A sex offender has been sent back to prison for trying to stop police finding out he had been accessing online images of child abuse.
Andrew Roocroft told officers he did not have a laptop when they visited his caravan near Tiverton but they found a Dell under his bed.
Experts were able to recover almost 800 images of children which he had deleted and found incriminating search terms in his internet history.
These showed he had been looking for images of young girls and of pre-teen boys having sex with adult women, Exeter Crown Court was told.
Roocroft was subject of a Sexual Offences Prevention Order (SOPO) at the time as a result of being caught with similar images in 2011.

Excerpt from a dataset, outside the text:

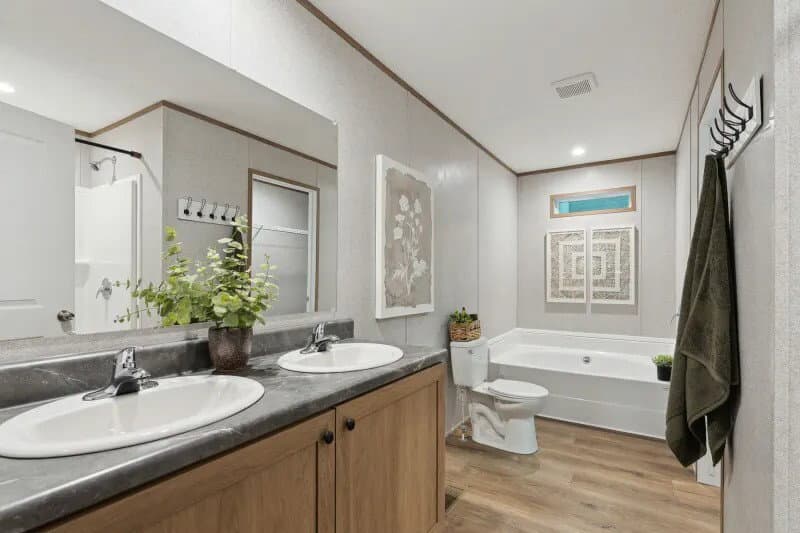 Williamsburg bathroom home features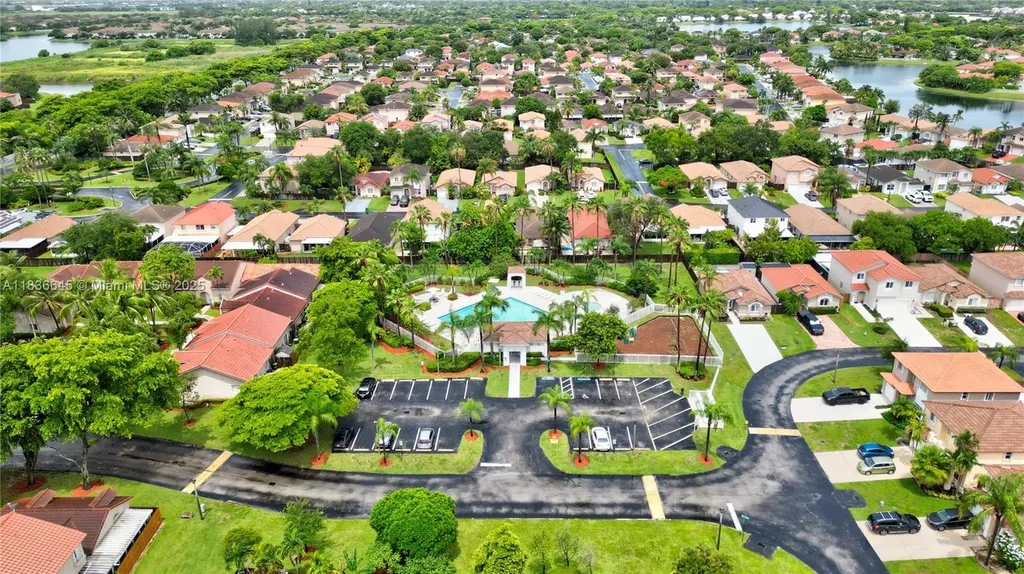 8740 SW 214th Terrace Cutler Bay FL 33189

He broke the order by not telling police he had the laptop and trying to hide it under his bed when they searched his home.

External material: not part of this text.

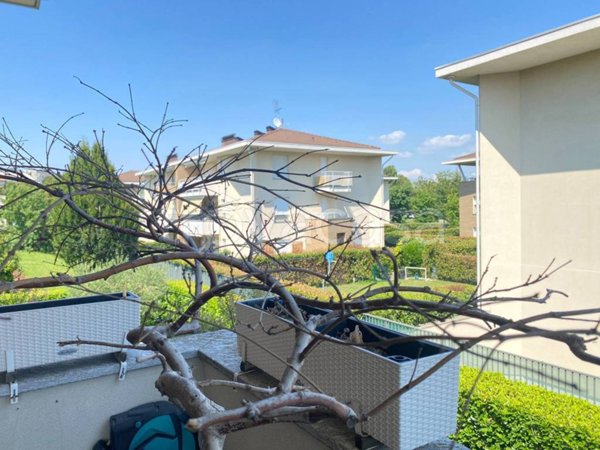 appartamento in vendita a Pioltello in zona Seggiano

Roocroft, aged 35, of Collipriest, Tiverton, but currently at Channings Wood Prison, Newton Abbot, admitted three offences of making indecent images of children and four of breaching his SOPO.
He was jailed for three years by Recorder Mr Donald Tait, who told him: ’You have breached the order in the past and it doesn’t seem you have learned your lesson.
’It is an aggravating feature that you sought to conceal this laptop from the police and there were a significant number of images accessed in a relatively short period of time.
’The probation report does not make happy reading. It confirms your ongoing sexual interest in young girls and that these offences occurred at a time when you were being monitored by the police.’
Miss Francesca Whebell, prosecuting, said police carried out a check on Roocroft in August last year as a result of other breaches of the SOPO which led to him being jailed for 18 months.
His Dell laptop was found hidden under the bed and was sent to the police’s high-tech crime unit. Their report only arrived after he was jailed in November and showed he had 794 images.
These included 120 in the worst category A, which shows children having sex with adults. All had been deleted and none could be accessed.
Search terms were also found including the words pre-teen and the abbreviation PTHC, which stands for pre-teen hard core. One search was for ’PTHC women and boys’.
Miss Whebell said Roocroft broke four clauses in his SOPO by not telling police he had a computer and mobile phone, hiding the laptop, and using the internet to search for the images.
He told officers he had done so because ’he didn’t want the police breathing down my neck’.
Mr James Rickard, mitigating, said all these offences pre-date Roocroft’s last sentence and may not have added very much to it if they had been known about at the time.
Roocroft would have been released from the last sentence in September but has stayed in prison after admitting these offences when interviewed by police while at Channings Wood, near Newton Abbot.
He said ’He was living on his own and was incredibly isolated and wanting friendship. He was lonely. The prospect of being released frightens him.’